A moat-like ring of ‘crocodiles’ (police drug testing units) around the two-street town of Nimbin wasn’t enough to deter thousands from this year’s famous MardiGrass festival and anti-prohibition march.
Nimbin HEMP Embassy President, long-time drug reform campaigner and in more recent years, some-time political candidate, Michael Balderstone, said he was surprised at the high turn-out, given a heavy police presence on streets surrounding the rainforest village.
At least 2,500 people attended the festival on Saturday but Mr Balderstone said many more came to march on Sunday, driven – sometimes literally – to protest for drug law reform thanks to a continued campaign of police roadside drug testing in NSW.
Concerns over increased alcohol consumption in lieu of recreational pot-smoking
Mr Balderstone said he spent much of the weekend listening to stories of regular MardiGrass attendees who said they no longer smoked cannabis for fear of losing their drivers’ licence and had taken up drinking alcohol instead.
He said many of the claims came from tradies, who typically rely more on car transport than most other workers.
‘The consequences of what they’re doing are starting to emerge,’ Mr Balderstone said, referring to concerns around impacts of alcohol consumption such as domestic violence.
‘People don’t picked up driving on mushrooms, acid or opiates,’ he continued, questioning the agenda behind a targeted campaign against cannabis.
Traffic cops like ‘crocs in a moat around Nimbin’ but village police ‘cool’
While Mr Balderstone described police in charge of roadside drug-testing over the weekend as ‘totally reckless, hunting and chasing people just to catch a Kombi’, he said police presence within the festival was low-key.
The Nimbin police station had not long ago acquired a new female seargent, he said, who he thought could have been apprehensive about overseeing MardiGrass for the first time but was probably happy in the end.
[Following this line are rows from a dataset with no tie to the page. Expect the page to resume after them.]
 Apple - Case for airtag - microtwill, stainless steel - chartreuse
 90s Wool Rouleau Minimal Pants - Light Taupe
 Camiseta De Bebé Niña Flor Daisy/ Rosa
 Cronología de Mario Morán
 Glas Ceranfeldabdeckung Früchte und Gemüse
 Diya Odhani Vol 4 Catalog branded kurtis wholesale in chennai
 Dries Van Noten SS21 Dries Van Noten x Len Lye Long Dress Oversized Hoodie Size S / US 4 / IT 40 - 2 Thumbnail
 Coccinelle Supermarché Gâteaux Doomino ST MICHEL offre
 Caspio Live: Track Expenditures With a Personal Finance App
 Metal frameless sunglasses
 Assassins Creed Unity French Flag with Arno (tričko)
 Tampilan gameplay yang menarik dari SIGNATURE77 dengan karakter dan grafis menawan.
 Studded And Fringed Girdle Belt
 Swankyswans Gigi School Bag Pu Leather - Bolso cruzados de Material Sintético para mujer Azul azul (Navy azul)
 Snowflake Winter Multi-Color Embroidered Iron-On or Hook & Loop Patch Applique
‘I reckon the police in town were generally very cool,’ Mr Balderstone said.
A spokesperson for the Richmond Police District that includes Nimbin was unavailable for comment.
So many pot advocate punters, Nimbin ran out of munchies
Prior to the festival starting on Friday afternoon, Mr Balderstone had told Bay FM’s Community Newsroom he thought the intense RDT presence around the town would put people off coming.
But whereas past festivals have featured a sodden Hemp Olympics and bedraggled cannabis advocates trudging up and down the main street in the rain, this year’s punters had just a few showers to wet their appetites and the town’s hospitality venues reportedly ran out of food.
‘We underestimated the crowd,’ Mr Balderstone said, ‘we didn’t have enough food stall at the festival’.
Meanwhile, it was standing room only at the festival’s programmed talks, which Mr Balderstone said he thought were some of the best so far in MardiGrass history.